Retype, exactly as they appear below, the lines between the line holding "James Wilton pictured" and the line holding "Aug 17, 2025;", both ends included.

### Data to process
Start of Block

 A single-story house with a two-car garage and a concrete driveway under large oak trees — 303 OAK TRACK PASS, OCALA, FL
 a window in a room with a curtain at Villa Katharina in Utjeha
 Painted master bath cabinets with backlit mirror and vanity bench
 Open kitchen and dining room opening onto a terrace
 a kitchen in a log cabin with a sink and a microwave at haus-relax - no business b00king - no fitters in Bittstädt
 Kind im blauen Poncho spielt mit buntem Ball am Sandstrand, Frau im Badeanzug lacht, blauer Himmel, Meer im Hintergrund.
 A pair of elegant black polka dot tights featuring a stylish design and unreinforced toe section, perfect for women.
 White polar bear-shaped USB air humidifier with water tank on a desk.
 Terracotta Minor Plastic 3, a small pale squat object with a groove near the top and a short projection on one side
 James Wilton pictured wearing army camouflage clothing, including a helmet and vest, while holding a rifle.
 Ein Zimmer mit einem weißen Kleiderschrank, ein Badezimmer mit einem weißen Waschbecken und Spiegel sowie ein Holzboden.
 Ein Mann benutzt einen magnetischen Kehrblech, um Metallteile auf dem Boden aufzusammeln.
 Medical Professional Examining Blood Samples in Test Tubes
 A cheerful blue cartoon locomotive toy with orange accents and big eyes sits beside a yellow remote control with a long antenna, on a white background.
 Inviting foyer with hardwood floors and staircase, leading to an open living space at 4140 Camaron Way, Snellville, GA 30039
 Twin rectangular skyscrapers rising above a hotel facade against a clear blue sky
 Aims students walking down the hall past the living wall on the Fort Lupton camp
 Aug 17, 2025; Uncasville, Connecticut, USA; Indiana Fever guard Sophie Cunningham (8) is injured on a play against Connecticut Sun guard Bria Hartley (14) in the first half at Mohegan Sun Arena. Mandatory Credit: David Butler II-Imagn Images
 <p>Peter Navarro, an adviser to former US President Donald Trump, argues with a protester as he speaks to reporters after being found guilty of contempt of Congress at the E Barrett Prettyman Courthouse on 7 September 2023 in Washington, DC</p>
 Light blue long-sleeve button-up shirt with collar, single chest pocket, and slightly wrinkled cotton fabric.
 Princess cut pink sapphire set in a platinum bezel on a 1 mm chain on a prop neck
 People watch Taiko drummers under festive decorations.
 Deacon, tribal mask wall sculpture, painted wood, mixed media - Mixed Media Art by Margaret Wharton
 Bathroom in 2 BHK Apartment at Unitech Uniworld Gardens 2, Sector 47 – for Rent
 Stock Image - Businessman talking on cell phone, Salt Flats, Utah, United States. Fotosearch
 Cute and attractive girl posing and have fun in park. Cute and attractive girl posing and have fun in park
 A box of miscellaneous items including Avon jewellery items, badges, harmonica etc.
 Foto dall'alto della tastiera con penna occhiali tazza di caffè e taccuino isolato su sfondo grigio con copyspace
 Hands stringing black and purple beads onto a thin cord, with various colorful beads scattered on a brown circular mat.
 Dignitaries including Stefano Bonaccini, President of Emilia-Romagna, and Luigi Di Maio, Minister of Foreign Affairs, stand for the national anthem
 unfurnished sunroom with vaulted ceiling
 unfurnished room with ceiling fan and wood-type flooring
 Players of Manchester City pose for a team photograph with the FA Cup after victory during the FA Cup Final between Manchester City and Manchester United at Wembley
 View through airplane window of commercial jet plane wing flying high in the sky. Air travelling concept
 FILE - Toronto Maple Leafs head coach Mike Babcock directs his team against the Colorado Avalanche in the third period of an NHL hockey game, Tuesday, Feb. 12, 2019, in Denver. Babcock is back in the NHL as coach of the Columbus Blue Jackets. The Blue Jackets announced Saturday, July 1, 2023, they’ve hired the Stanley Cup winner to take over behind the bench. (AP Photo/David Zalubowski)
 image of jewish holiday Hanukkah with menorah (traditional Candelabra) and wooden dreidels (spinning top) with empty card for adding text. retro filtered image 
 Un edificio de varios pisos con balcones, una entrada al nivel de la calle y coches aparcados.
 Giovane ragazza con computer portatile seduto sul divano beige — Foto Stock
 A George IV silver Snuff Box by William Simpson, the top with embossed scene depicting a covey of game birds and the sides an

End of Block

### Answer to this problem
 James Wilton pictured wearing army camouflage clothing, including a helmet and vest, while holding a rifle.
 Ein Zimmer mit einem weißen Kleiderschrank, ein Badezimmer mit einem weißen Waschbecken und Spiegel sowie ein Holzboden.
 Ein Mann benutzt einen magnetischen Kehrblech, um Metallteile auf dem Boden aufzusammeln.
 Medical Professional Examining Blood Samples in Test Tubes
 A cheerful blue cartoon locomotive toy with orange accents and big eyes sits beside a yellow remote control with a long antenna, on a white background.
 Inviting foyer with hardwood floors and staircase, leading to an open living space at 4140 Camaron Way, Snellville, GA 30039
 Twin rectangular skyscrapers rising above a hotel facade against a clear blue sky
 Aims students walking down the hall past the living wall on the Fort Lupton camp
 Aug 17, 2025; Uncasville, Connecticut, USA; Indiana Fever guard Sophie Cunningham (8) is injured on a play against Connecticut Sun guard Bria Hartley (14) in the first half at Mohegan Sun Arena. Mandatory Credit: David Butler II-Imagn Images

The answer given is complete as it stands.